**YOUR ASSIGNMENT:** All the data below goes into the copy word for word, but the pictures don't.

**DATA BLOCK:**
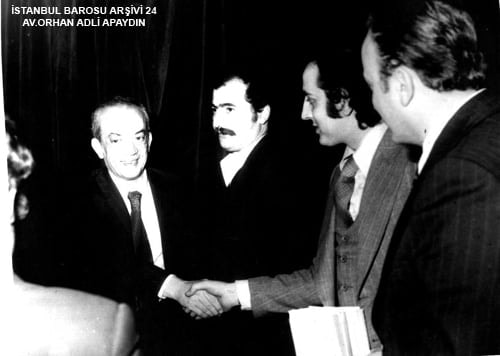 Biz Bayrağı O’Ndan Devraldık

 - 47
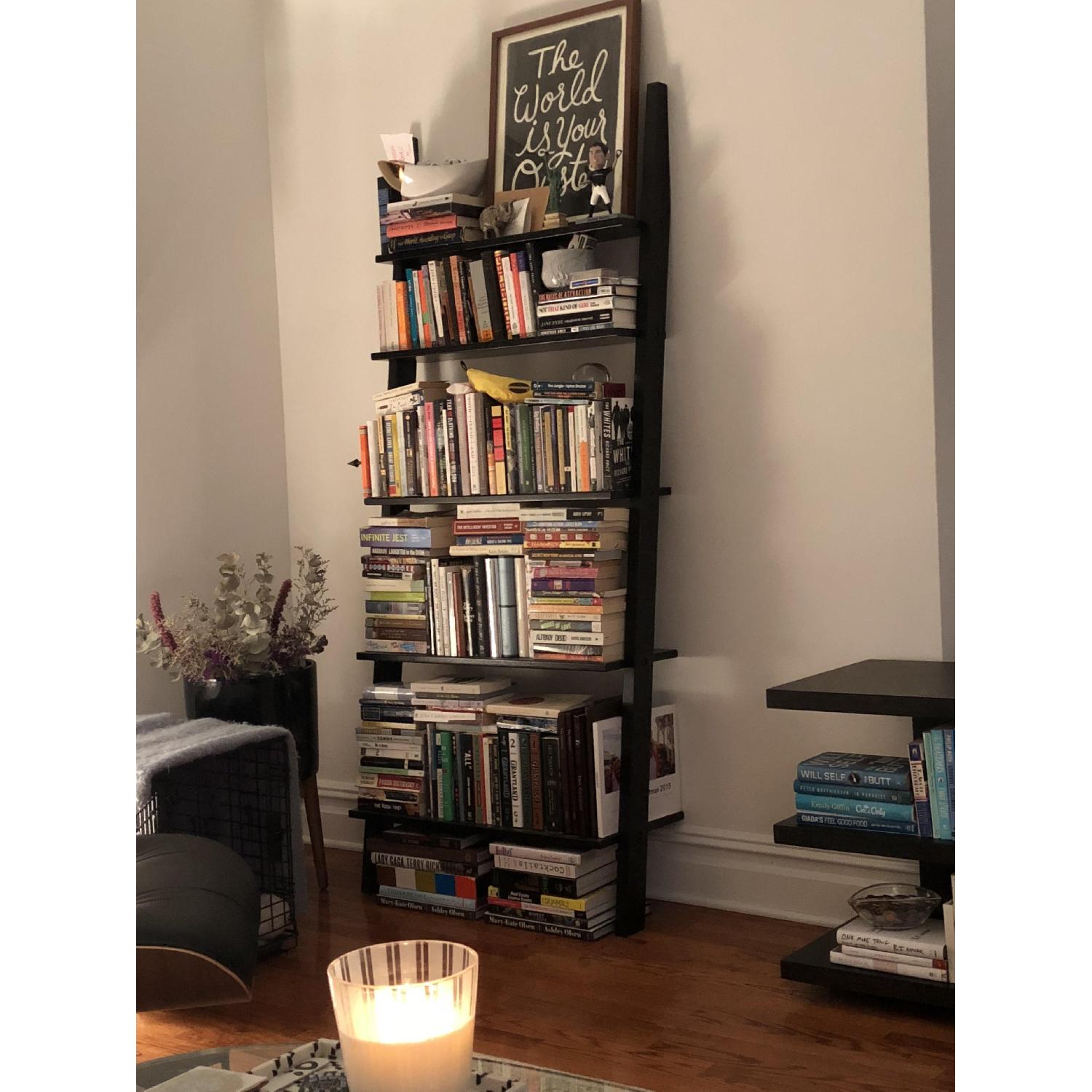 Room & Board Pisa Leaning Shelf - image-2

**ANSWER AREA:**
 Biz Bayrağı O’Ndan Devraldık

 - 47
 Room & Board Pisa Leaning Shelf - image-2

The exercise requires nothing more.